Crawled caption data
BEGIN
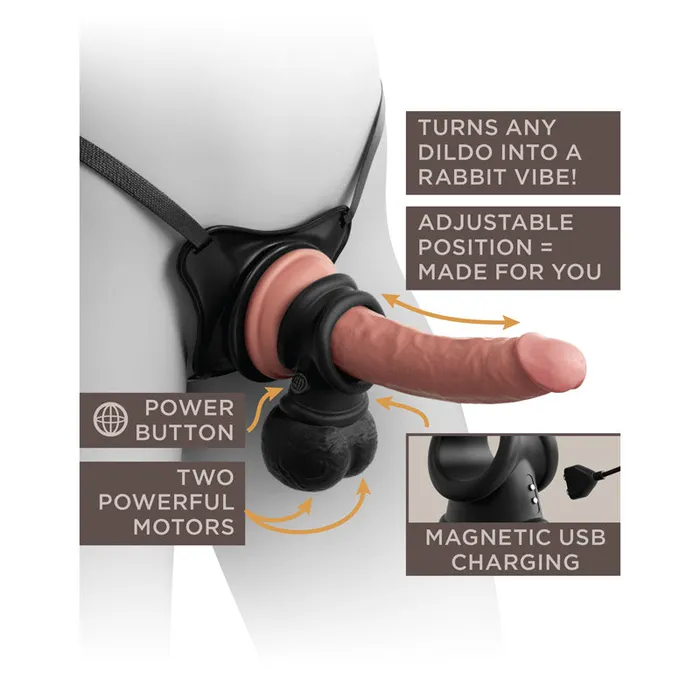 Female Sex Toys Pipedream King Cock Elite Crown Jewels Vibrating Swinging Balls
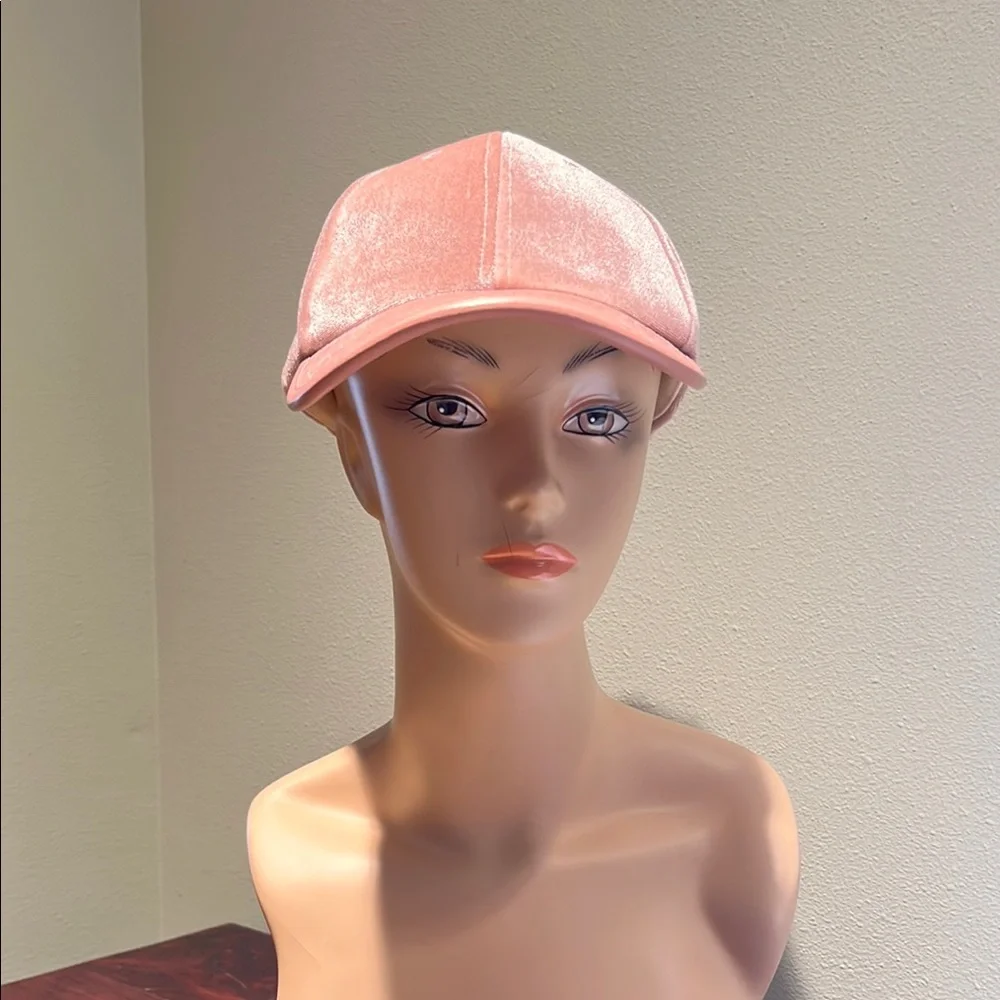 Free People Pink Velvet Women's Cap Adjustable Buckle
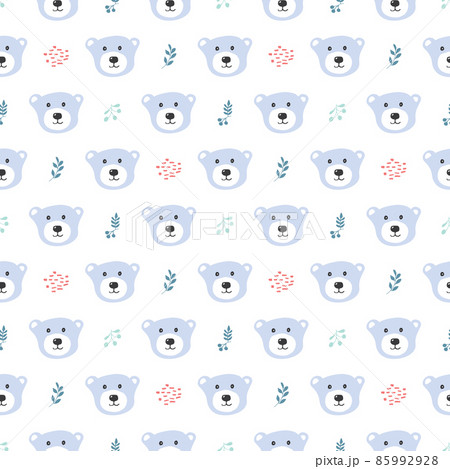 Cute bear Seamless pattern. Cartoon Animals in forest background. Vector illustration 85992928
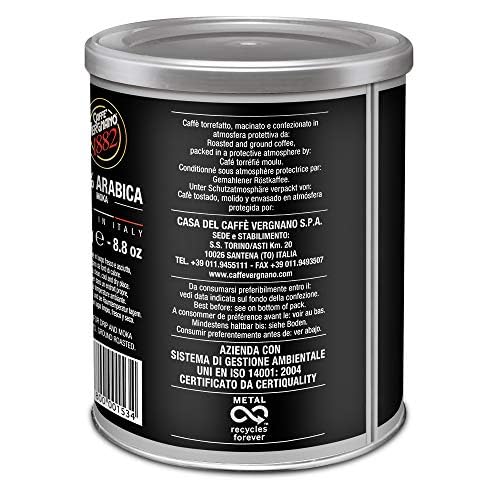 Caffè Vergnano 1882 100 % Arabica gemahlener Kaffee für Moka Pot – 250 g Dose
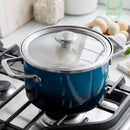 Greenpan Merten & Storck 6-Quart Steel Core Enameled Stockpot with Lid - Aegean Teal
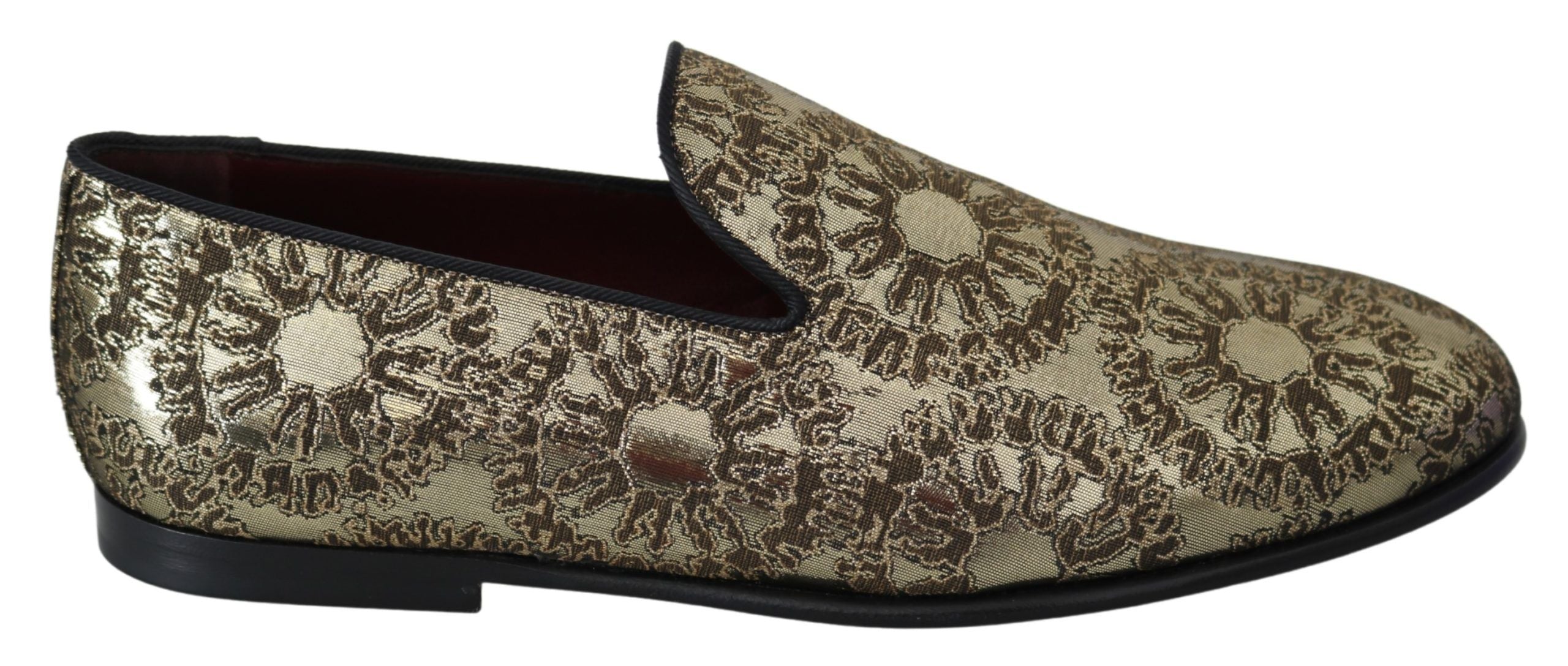 Dolce & Gabbana Gold Jacquard Flats Mens Loafers Men's Shoes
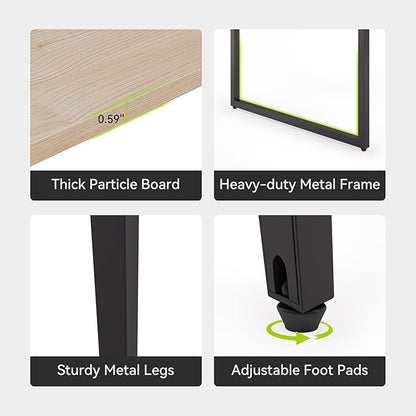 LITTLE TREE 8FT Conference Room Table, 94.48L x 47.21W x 29.52H Boat Shaped Meeting Table, Light Walnut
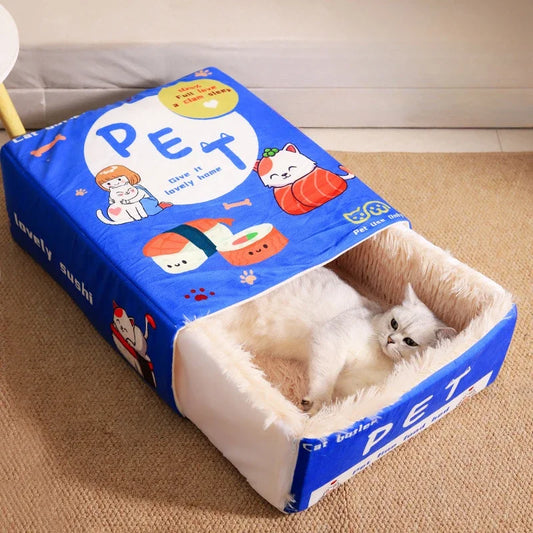 Cozy Plush Cat House Bed for Warm & Secure Sleep
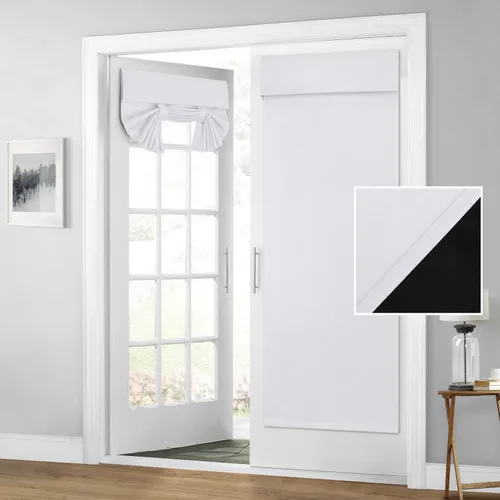 Vista 48 de HOMEIDEAS Cortinas 100% Opacas para Luces Laterales de Puerta Principal, Cubierta de Ventana de Puerta de Aula, Persianas de Privacidad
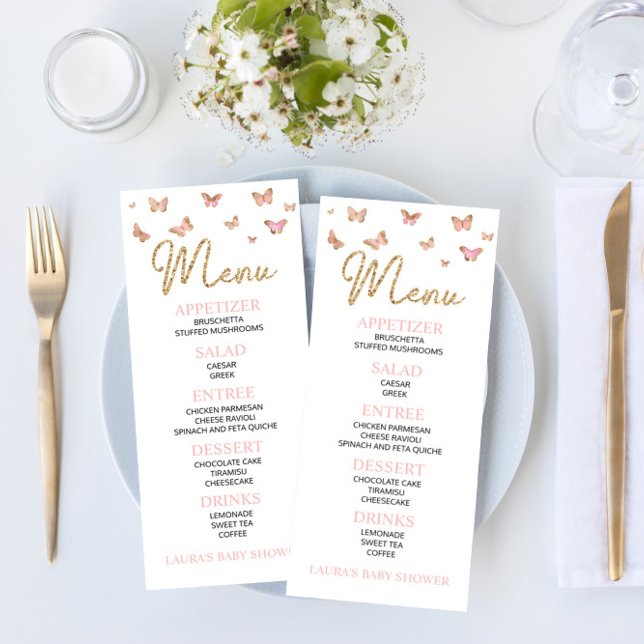 Pink Butterfly Themed Baby Dusche Flachmenü Menükarte (Von Creator hochgeladen)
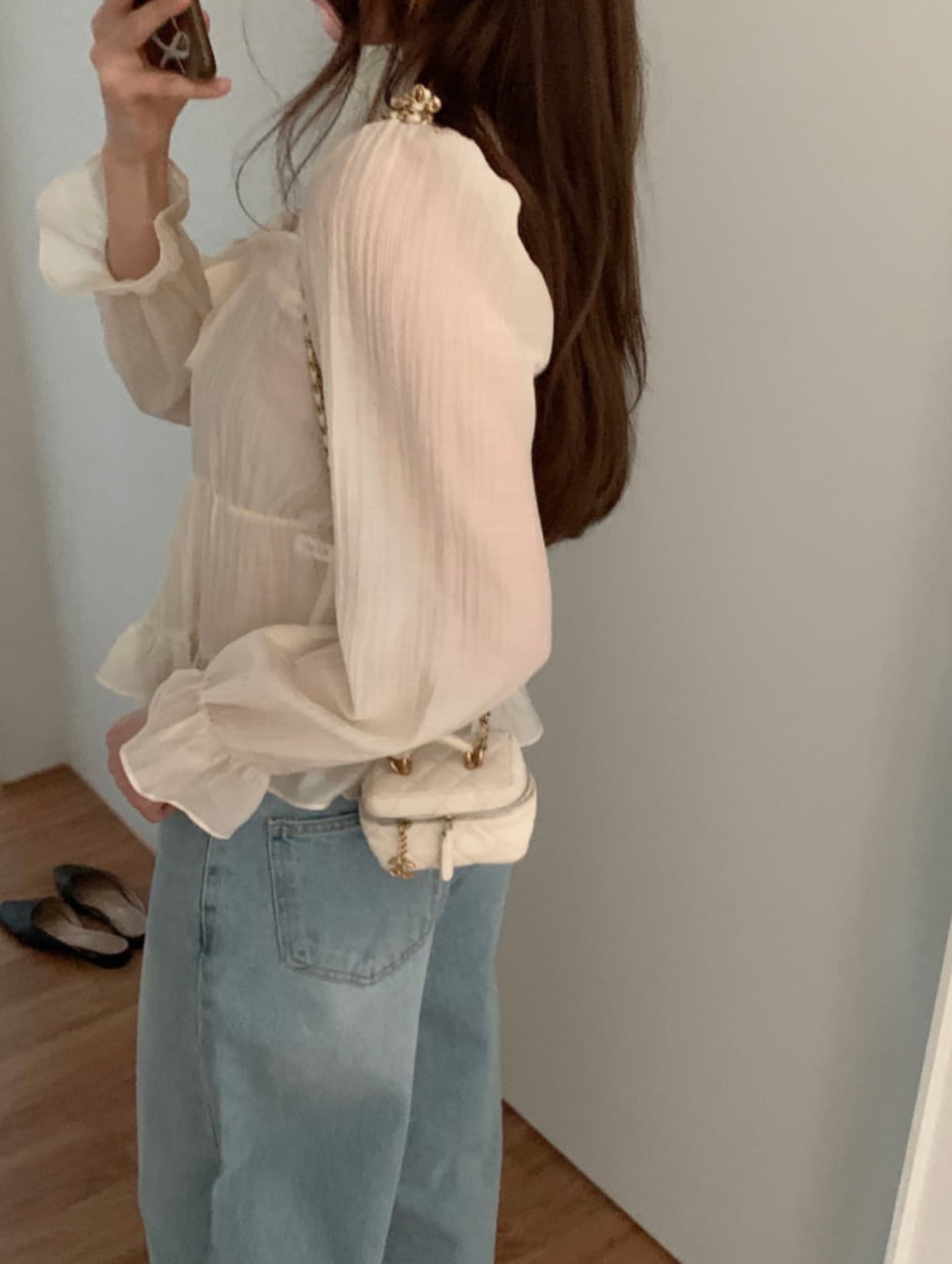 있음 선적 사이즈 업데이트 한국 chic 가을 새로운 달콤함 레이스 부드러운 바람 셔츠 상세 이미지 19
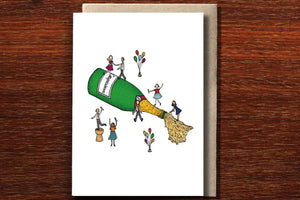 Congratulations Champagne Party Card - The Nonsense Maker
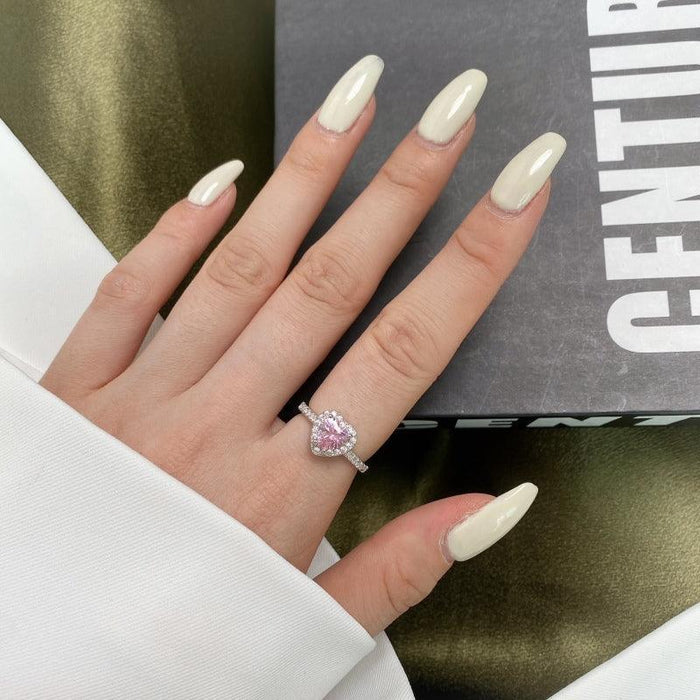 Sterling Silver Lab-Created Pink & White Sapphire Heart Ring - camillaboutiqueshop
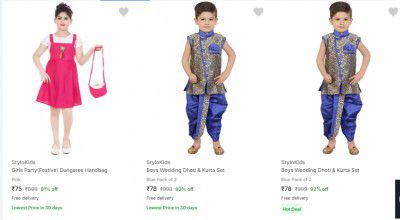 Stylokids Kids' Apparel Combos Upto 91% Off 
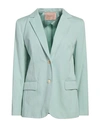 Twinset Woman Blazer Light Green Size 6 Cotton, Linen In Green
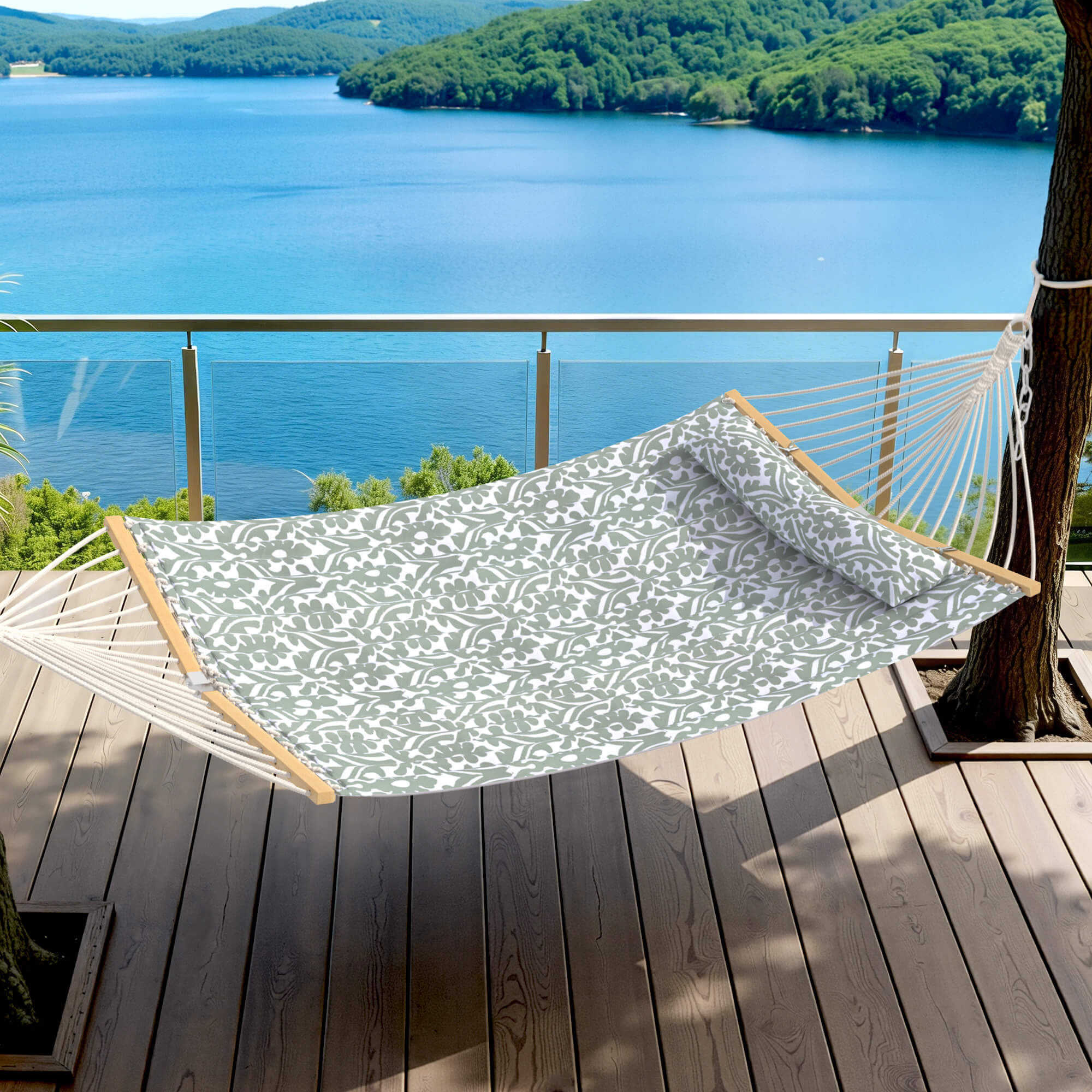 HOMREST Modern Portable Hammock, Outdoor Rope Hammock for Backyard, Beach & Camping, Gray Floral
END
Retype all the data exactly, please, without pictures.

 Female Sex Toys Pipedream King Cock Elite Crown Jewels Vibrating Swinging Balls
 Free People Pink Velvet Women's Cap Adjustable Buckle
 Cute bear Seamless pattern. Cartoon Animals in forest background. Vector illustration 85992928
 Caffè Vergnano 1882 100 % Arabica gemahlener Kaffee für Moka Pot – 250 g Dose
 Greenpan Merten & Storck 6-Quart Steel Core Enameled Stockpot with Lid - Aegean Teal
 Dolce & Gabbana Gold Jacquard Flats Mens Loafers Men's Shoes
 LITTLE TREE 8FT Conference Room Table, 94.48L x 47.21W x 29.52H Boat Shaped Meeting Table, Light Walnut
 Cozy Plush Cat House Bed for Warm & Secure Sleep
 Vista 48 de HOMEIDEAS Cortinas 100% Opacas para Luces Laterales de Puerta Principal, Cubierta de Ventana de Puerta de Aula, Persianas de Privacidad
 Pink Butterfly Themed Baby Dusche Flachmenü Menükarte (Von Creator hochgeladen)
 있음 선적 사이즈 업데이트 한국 chic 가을 새로운 달콤함 레이스 부드러운 바람 셔츠 상세 이미지 19
 Congratulations Champagne Party Card - The Nonsense Maker
 Sterling Silver Lab-Created Pink & White Sapphire Heart Ring - camillaboutiqueshop
 Stylokids Kids' Apparel Combos Upto 91% Off 
 Twinset Woman Blazer Light Green Size 6 Cotton, Linen In Green
 HOMREST Modern Portable Hammock, Outdoor Rope Hammock for Backyard, Beach & Camping, Gray Floral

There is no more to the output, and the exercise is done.